Janine Bacquie — director of Montgomery County Public Schools’ Division of Early Childhood Programs and Services and co-chair of the Montgomery County Early Childhood Advisory Council — said the county needs additional, sustainable funds immediately to not only ensure there is enough space in public and private child care and education programs but that the programs are also high quality.
“The numbers and the needs are significantly increasing,” Bacquie said. “We need to scale up significantly.”
Superintendent Joshua P. Starr recently said that since 2007, the county school system has grown by 14,000 students; another 11,000 are expected over the next six years.
The Advisory Council is looking at as businesses, philanthropic sources and social impact bonds. At a recent meeting with the County Council, the focus was the State’s funding involvement. As reported,
Montgomery received about $145,000 from the state’s Race to the Top Early Learning Challenge Grant program, the focus of a Nov. 7 meeting with members of the County Council and county school board and state education officials.

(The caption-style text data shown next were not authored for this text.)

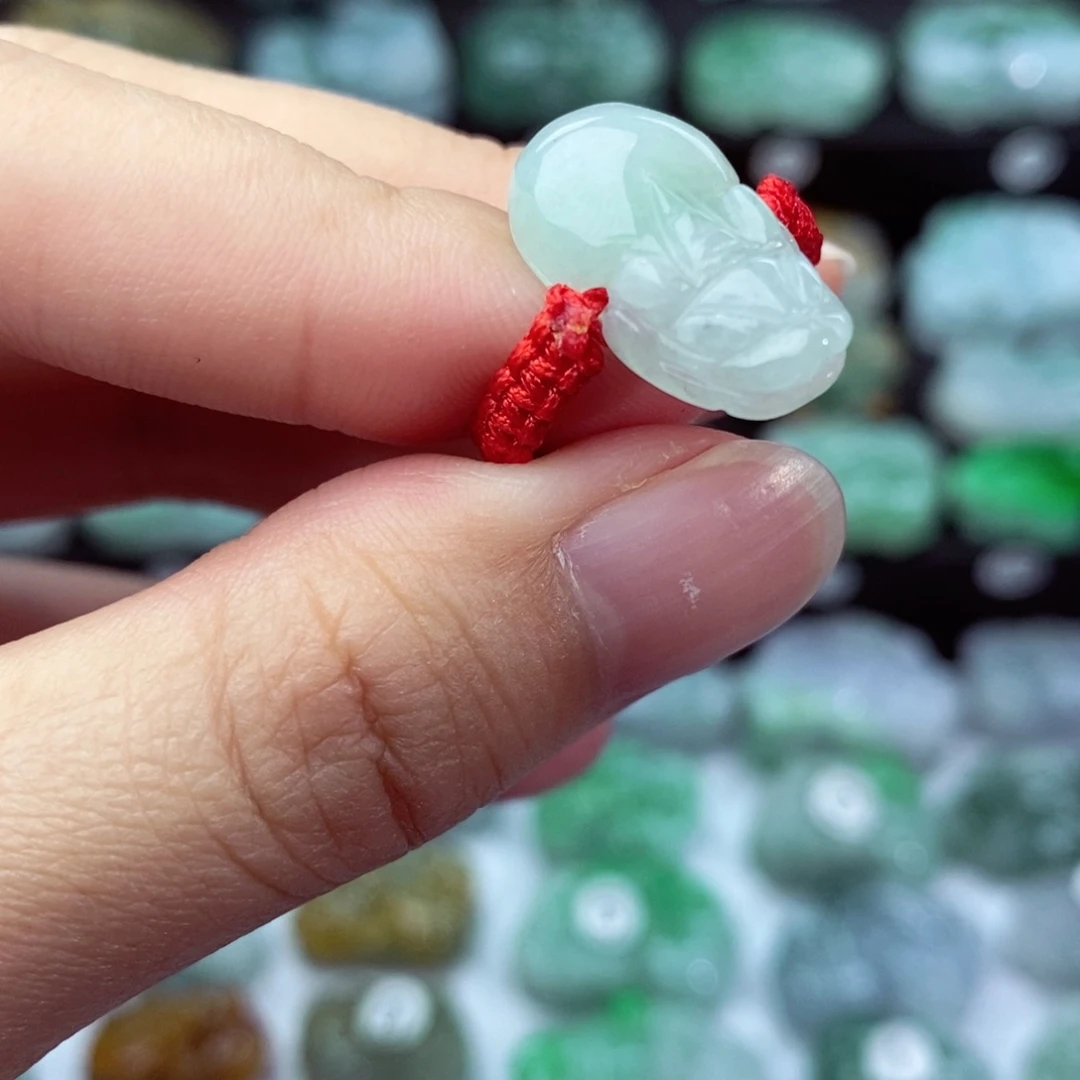 翡翠颈饰未镶嵌天然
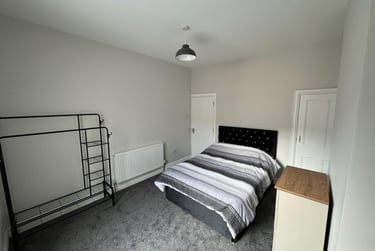 3 bed house, Spencer Road, Shelton, Stoke, ST42BE - Image 4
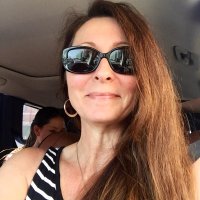 Julie McKinnon - @itsjulesmckinn Twitter Profile Photo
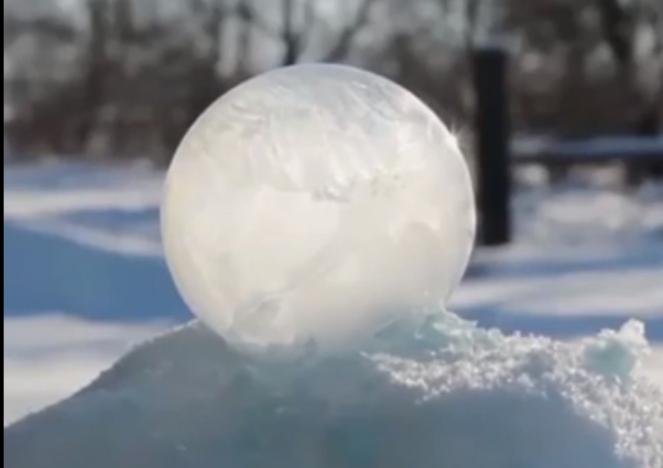 Una bolla di sapone interamente fatta di ghiaccio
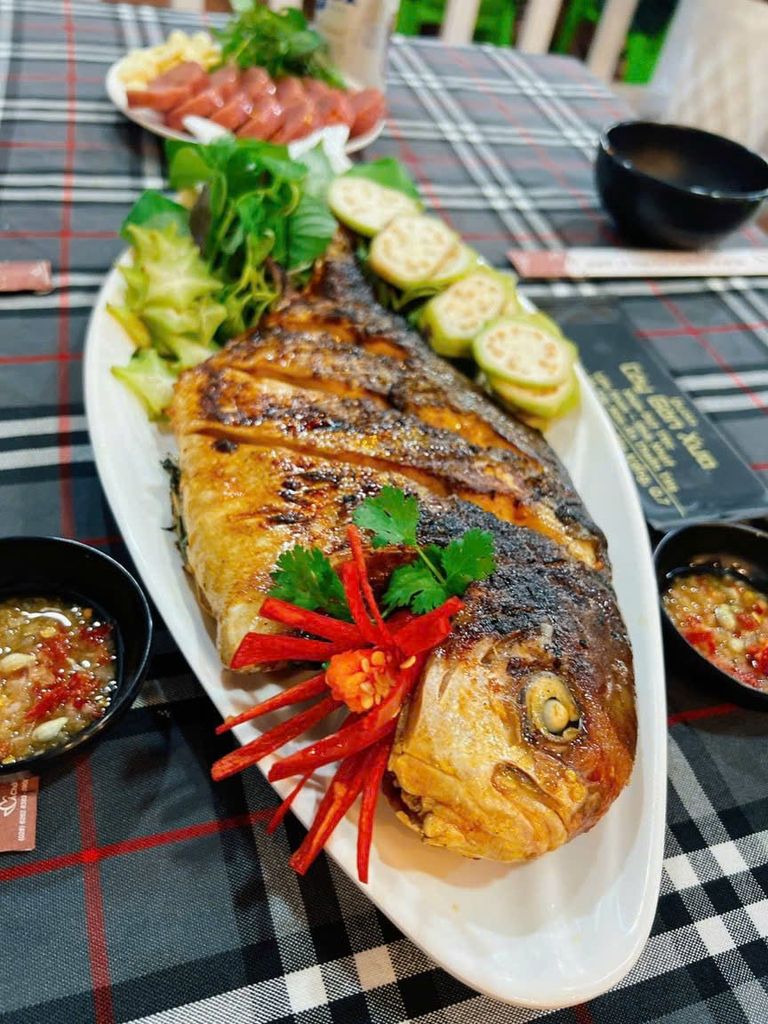 Dia-Horeca-Mau-Trang-Gia-Su-Hinh-Ca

Some county council members raised concerns that the county did not receive more grant money.
The state education officials said, however, that the grant funds were designated to help counties develop their early learning infrastructure, much of which Montgomery already has.
Elizabeth Kelley — director of the office of child care in the state education department’s division of early childhood development — said there are a lot of unanswered questions when it comes to future funding for the county’s early learning systems after the grant program ends.